Article Number
000035922
Applies To
RSA Product Set: SecurID
RSA Product/Service Type: Authentication Manager
RSA Version/Condition: 8.1 or later
Issue
- There are replication failures across the deployment.
Image description
- When checking the service status, all the services are up and running, except RSA Replication (Primary).
- Restarting the primary replication service manually still fails.
cd /opt/rsa/am/server/
./rsaserv restart primary_replication
Starting RSA Replication (Primary) ********************
RSA Replication (Primary) [FAILED]
- The /opt/rsa/am/server/logs/PrimaryReplication.log reports the error:
@@@2018-01-15 23:14:48,897 FATAL [WrapperSimpleAppMain ]
Service.start(98) | <primary_hostname>,,,,Unhandled exception during service start.
java.lang.RuntimeException: Could not acquire lock. Another instance of this service may be running. Aborting...
at com.rsa.replication.util.SingleProcessLock.<init>(SingleProcessLock.java:37)
at com.rsa.replication.util.Service.start(Service.java:91)
at com.rsa.replication.PrimaryReplicationService.main(PrimaryReplicationService.java:136)
at sun.reflect.NativeMethodAccessorImpl.invoke0(Native Method)
at sun.reflect.NativeMethodAccessorImpl.invoke(NativeMethodAccessorImpl.java:39)
at sun.reflect.DelegatingMethodAccessorImpl.invoke(DelegatingMethodAccessorImpl.java:25)
at java.lang.reflect.Method.invoke(Method.java:597)
at org.tanukisoftware.wrapper.WrapperSimpleApp.run(WrapperSimpleApp.java:248)
at java.lang.Thread.run(Thread.java:680)
Cause
Running out of disk space causes the service failure in some cases, but there may be other reasons as well, ranging from running out of disk space to memory thread or certificate issues.
Please see knowledge article
000036019 - RSA Authentication Manager 8.x: Large Disk Space Used by Logs to see if archive logs are located in the correct directory.
Resolution
- First, check if there is any disk usage issue and free up the disk space.

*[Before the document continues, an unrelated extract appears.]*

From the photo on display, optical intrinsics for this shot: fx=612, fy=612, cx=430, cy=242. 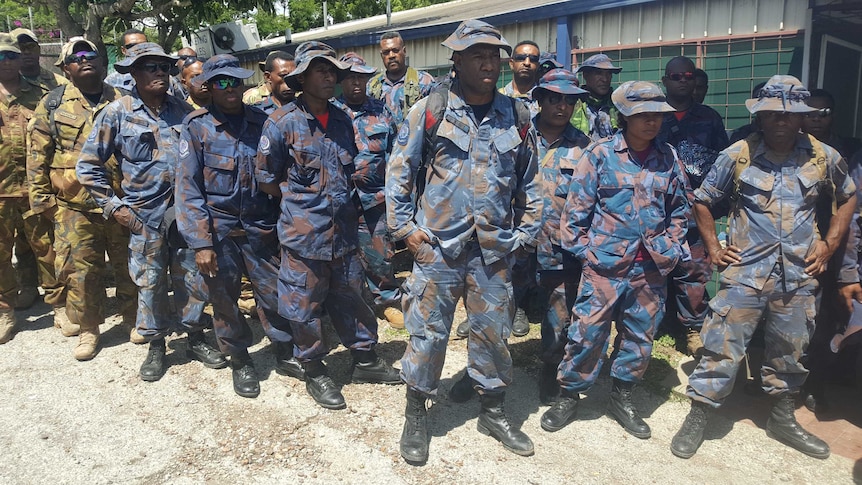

If there is sufficient disk space, then move to the step 4 instead.
rsaadmin@am82p:~> df -h
Filesystem Size Used Avail Use% Mounted on
rootfs 99G 92G 8G 92% /
udev 4.0G 128K 4.0G 1% /dev
tmpfs 4.0G 12K 4.0G 1% /dev/shm
/dev/sda1 99G 92G 8G 92% /
- Next, retrieve a large archive file size in the server directory:
rsaadmin@am82p:~> ls -lah /opt/rsa/am/server | grep '[0-9][G|M]'
total 910M
-rw------- 1 rsaadmin rsaadmin 151M Mar 1 01:00 system_2017-11-19_0.log
-rw------- 1 rsaadmin rsaadmin 159M Mar 2 01:00 system_2017-11-20_0.log
-rw------- 1 rsaadmin rsaadmin 156M Mar 3 01:00 system_2017-11-21_0.log
-rw------- 1 rsaadmin rsaadmin 175M Mar 4 01:00 system_2017-11-22_0.log
-rw------- 1 rsaadmin rsaadmin 269M Mar 5 01:00 system_2017-11-23_0.log
- Delete files with a large file size. For example, delete system log file ranging in date from 20-Nov 2017 to 23-Nov 2017:
rm /opt/rsa/am/server/system_2017-11-2[0-3]_0.log
- Once disk space is freed, delete the PrimaryReplicationService.lock file in /opt/rsa/am/server/wrapper:
Image description
- Restart the Primary Replication service manually:
cd /opt/rsa/am/server/
./rsaserv restart primary_replication
The service should now start correctly.
- On a successful service start, open the Operations Console. From the Home tab, click the Replication Status Report link, then click the Sync link if replication is shown to be out of sync.
- Ensure the status is updated and shows as being in a Normal state.